I asked the poet Lewis Ellingham, who moved to San Francisco in 1954, if he went to the bar and if it was gay.
"Yes, it was my hangout," Ellingham replied. "I lived for a while in Berkeley and came over every weekend to 'hang' there. The owners were Win Aston and Don Pippin, both gay. Sunday nights there were Pippin's concerts, the crowd mainly musical with many gays; otherwise it was all gay all the time. As I recall it wasn't open in the daytime, at night until 2 a.m., beer and wine.
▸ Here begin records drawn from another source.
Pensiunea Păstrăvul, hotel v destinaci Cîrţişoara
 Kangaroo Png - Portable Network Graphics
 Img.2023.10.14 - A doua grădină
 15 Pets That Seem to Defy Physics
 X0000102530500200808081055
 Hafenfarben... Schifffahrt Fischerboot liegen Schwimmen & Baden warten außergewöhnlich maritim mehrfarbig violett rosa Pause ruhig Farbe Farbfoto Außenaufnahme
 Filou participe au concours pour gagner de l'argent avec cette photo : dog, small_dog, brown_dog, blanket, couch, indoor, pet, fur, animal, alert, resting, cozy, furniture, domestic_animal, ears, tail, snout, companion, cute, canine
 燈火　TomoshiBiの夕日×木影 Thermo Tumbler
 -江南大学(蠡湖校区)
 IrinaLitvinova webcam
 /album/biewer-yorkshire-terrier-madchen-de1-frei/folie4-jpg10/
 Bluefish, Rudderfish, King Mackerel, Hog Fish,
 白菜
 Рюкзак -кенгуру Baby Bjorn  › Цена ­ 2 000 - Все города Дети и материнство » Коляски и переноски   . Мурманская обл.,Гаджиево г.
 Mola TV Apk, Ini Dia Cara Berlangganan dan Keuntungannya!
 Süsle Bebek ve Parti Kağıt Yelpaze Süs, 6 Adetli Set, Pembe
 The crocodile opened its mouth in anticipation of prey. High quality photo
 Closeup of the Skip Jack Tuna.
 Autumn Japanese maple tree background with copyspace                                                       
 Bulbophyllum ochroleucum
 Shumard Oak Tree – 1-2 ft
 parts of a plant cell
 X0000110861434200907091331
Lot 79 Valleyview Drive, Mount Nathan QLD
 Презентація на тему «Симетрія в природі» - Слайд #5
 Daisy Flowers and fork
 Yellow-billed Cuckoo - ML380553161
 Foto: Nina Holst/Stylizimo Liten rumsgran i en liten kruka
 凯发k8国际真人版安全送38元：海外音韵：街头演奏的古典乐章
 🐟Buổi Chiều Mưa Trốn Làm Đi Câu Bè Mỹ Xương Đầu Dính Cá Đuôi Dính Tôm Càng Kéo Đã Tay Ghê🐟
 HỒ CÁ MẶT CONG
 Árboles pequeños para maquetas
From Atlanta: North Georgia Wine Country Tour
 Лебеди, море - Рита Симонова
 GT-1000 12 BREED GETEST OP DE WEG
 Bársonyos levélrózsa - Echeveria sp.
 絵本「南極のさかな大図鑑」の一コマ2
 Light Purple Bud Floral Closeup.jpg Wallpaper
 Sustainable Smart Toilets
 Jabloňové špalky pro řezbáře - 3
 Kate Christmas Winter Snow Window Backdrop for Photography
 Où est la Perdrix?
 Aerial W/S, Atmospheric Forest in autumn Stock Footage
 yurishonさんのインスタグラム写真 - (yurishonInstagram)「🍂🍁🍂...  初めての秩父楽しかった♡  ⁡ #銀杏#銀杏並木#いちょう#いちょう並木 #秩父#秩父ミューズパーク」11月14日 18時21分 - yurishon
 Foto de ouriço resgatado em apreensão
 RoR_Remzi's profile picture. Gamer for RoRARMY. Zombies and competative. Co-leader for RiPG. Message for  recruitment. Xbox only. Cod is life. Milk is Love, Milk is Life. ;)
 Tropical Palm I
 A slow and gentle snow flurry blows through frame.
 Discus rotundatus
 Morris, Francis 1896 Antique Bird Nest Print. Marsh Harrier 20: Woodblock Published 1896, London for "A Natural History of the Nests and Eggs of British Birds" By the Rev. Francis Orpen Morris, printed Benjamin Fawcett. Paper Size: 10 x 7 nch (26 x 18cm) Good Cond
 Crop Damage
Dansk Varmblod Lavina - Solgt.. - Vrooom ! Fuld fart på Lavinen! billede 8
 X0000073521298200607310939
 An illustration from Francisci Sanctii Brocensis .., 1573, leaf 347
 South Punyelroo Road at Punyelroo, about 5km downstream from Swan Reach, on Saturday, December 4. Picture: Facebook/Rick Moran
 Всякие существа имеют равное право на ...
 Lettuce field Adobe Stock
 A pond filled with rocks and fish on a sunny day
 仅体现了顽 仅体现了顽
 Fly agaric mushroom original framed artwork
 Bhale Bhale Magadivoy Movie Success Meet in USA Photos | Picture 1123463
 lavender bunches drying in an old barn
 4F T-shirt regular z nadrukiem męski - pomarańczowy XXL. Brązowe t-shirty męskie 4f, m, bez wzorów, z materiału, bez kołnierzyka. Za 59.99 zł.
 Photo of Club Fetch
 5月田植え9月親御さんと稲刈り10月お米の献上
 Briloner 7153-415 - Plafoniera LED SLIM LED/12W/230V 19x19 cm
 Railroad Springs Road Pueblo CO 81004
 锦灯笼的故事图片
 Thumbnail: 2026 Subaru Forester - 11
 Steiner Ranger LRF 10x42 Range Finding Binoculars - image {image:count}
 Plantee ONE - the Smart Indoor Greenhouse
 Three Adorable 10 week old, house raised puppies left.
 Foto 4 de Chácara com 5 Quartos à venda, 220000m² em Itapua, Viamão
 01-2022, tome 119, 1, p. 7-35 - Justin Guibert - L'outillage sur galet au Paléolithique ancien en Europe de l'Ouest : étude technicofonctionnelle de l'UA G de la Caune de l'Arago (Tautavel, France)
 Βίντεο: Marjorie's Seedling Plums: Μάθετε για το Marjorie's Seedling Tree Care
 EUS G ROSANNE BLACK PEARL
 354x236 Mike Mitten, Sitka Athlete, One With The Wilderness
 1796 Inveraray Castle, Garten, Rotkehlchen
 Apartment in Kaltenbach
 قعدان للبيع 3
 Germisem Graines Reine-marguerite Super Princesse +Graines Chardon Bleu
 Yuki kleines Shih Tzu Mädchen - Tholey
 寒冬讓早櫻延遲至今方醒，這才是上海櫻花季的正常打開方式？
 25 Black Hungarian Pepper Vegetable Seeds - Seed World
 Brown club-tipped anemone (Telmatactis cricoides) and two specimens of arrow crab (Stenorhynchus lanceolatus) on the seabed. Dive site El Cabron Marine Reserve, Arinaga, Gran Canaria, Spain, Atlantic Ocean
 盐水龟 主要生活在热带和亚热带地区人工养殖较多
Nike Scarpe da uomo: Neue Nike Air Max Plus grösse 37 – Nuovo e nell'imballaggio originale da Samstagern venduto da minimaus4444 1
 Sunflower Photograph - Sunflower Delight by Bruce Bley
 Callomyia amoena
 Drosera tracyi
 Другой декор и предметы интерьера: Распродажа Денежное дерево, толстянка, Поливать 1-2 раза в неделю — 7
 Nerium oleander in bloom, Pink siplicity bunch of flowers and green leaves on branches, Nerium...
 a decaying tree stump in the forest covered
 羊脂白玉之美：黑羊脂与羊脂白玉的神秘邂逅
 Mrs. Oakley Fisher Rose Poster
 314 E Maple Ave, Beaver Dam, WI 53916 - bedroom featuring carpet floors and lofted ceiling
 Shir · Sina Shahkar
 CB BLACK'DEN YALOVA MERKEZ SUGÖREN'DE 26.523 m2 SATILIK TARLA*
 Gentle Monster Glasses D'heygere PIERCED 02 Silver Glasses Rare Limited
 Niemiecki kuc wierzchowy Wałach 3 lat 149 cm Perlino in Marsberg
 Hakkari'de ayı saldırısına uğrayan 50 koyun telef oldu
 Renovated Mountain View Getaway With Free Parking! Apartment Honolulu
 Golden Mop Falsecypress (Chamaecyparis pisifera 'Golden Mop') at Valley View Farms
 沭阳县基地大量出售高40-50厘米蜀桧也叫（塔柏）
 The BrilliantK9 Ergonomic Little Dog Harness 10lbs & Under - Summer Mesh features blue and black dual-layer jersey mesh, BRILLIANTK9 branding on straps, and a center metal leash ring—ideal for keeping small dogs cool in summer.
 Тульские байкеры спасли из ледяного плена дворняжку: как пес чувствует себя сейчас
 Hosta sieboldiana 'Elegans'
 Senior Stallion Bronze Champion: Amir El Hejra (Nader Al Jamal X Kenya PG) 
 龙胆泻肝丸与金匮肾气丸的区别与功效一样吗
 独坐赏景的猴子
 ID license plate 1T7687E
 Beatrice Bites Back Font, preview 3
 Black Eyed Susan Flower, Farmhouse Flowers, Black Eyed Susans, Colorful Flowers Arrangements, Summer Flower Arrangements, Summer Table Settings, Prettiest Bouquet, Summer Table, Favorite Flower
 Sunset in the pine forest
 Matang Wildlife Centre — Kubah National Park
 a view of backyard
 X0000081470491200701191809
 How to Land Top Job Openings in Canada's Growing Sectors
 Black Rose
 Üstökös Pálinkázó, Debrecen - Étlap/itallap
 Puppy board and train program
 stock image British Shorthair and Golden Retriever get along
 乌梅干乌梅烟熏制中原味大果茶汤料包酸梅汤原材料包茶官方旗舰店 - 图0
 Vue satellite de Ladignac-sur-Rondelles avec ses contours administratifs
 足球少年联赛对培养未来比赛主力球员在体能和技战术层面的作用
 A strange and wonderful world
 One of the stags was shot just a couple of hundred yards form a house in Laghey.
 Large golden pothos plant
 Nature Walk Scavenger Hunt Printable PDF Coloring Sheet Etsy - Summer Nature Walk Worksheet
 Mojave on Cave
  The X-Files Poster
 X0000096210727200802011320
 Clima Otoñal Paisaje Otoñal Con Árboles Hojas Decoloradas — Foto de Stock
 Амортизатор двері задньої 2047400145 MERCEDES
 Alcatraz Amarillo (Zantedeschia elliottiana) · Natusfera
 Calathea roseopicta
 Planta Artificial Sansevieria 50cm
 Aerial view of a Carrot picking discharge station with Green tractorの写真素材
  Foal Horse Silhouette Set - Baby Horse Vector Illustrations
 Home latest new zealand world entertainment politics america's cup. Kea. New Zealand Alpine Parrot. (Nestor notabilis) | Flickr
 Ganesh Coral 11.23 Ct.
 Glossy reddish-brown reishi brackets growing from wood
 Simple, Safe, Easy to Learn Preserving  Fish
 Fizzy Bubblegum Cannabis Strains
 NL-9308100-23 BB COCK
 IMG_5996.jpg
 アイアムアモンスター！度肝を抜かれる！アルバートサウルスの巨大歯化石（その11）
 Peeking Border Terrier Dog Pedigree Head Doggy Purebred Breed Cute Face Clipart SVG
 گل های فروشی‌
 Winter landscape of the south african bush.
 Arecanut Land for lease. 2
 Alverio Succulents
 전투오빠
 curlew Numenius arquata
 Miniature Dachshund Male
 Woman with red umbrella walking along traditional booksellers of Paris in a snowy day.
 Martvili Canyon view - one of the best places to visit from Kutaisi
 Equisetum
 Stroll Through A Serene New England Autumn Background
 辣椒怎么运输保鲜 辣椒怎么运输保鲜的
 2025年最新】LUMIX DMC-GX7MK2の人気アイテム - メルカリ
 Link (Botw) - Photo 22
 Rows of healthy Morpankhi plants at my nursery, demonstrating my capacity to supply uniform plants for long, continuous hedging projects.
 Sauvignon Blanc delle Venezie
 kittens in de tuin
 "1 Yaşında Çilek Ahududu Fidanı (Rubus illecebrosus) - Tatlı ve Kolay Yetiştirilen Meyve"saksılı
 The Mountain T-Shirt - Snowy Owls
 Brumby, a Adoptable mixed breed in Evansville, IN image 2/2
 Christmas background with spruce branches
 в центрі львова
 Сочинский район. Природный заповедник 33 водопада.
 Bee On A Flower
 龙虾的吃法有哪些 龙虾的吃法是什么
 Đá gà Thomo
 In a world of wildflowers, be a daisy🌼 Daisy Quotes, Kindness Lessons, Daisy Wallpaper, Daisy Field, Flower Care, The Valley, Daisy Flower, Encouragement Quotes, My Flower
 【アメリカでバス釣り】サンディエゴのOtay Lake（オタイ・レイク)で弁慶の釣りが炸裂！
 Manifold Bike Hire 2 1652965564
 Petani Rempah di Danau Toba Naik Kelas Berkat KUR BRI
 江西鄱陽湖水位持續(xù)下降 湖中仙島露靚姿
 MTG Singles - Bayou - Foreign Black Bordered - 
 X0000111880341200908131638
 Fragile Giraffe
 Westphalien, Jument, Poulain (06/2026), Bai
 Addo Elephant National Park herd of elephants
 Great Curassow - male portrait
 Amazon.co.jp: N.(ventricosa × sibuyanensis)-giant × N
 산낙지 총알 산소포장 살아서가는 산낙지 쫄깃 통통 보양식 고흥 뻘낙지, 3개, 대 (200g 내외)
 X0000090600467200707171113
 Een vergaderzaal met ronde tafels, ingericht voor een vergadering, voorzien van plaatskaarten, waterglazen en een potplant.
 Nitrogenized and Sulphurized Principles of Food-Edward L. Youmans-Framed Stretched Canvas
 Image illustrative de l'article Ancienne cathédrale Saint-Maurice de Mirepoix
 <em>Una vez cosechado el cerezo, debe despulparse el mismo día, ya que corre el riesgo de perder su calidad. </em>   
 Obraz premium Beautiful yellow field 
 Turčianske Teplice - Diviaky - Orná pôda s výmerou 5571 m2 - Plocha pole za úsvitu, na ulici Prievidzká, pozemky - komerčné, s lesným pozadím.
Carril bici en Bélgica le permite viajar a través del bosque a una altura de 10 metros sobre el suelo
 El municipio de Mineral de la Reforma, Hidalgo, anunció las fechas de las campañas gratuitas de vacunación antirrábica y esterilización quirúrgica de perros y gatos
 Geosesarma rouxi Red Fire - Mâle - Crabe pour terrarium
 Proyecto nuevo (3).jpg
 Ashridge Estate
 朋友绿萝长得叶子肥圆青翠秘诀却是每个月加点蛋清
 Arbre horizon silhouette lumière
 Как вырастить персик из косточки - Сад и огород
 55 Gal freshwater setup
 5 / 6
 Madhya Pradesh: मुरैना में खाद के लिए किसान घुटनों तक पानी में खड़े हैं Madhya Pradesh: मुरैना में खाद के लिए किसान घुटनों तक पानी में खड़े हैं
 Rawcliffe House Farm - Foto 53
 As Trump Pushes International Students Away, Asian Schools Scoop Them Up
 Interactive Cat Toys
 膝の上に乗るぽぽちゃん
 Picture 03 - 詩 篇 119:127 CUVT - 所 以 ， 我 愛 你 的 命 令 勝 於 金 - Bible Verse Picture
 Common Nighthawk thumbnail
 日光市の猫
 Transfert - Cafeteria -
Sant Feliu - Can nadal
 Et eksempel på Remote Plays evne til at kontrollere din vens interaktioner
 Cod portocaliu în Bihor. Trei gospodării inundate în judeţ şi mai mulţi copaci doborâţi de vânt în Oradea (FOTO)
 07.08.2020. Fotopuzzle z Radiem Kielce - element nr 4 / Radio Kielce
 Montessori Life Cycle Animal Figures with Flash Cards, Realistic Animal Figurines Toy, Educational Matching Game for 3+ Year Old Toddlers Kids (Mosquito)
We all socialized a lot; I met a lover there."
And though he didn't attend the Partch concerts, he did know Partch.
"I spent a night on Harry Partch's houseboat in Sausalito and vaguely remember him talking into the dawn. We must have come from the Opus One, but I was so drunk I have no clear impressions."
Partch remained in the Bay Area till 1956, and would return to California in 1962 and live here until his death in 1974.
His reputation continues to grow posthumously. A performance using his instruments takes place this month at the University of Washington.
Pippin went on to perform classical music at the Old Spaghetti Factory after Opus One closed in 1961 and would achieve greater fame as the founder of the Pocket Opera in 1978.
The author thanks the Bancroft Library for quotations from: 'Donald Pippin, A Pocketful of Wry: An Impresario's Life in San Francisco and the History of the Pocket Opera, 1950s-2001,' an oral history conducted in 1996 and 1997 by Caroline C. Crawford, Oral History Center, The Bancroft Library, University of California, Berkeley, 2001 and to Corporeal Meadows (www.corporealmeadows.com), the online home of Harry Partch information for use of their photos.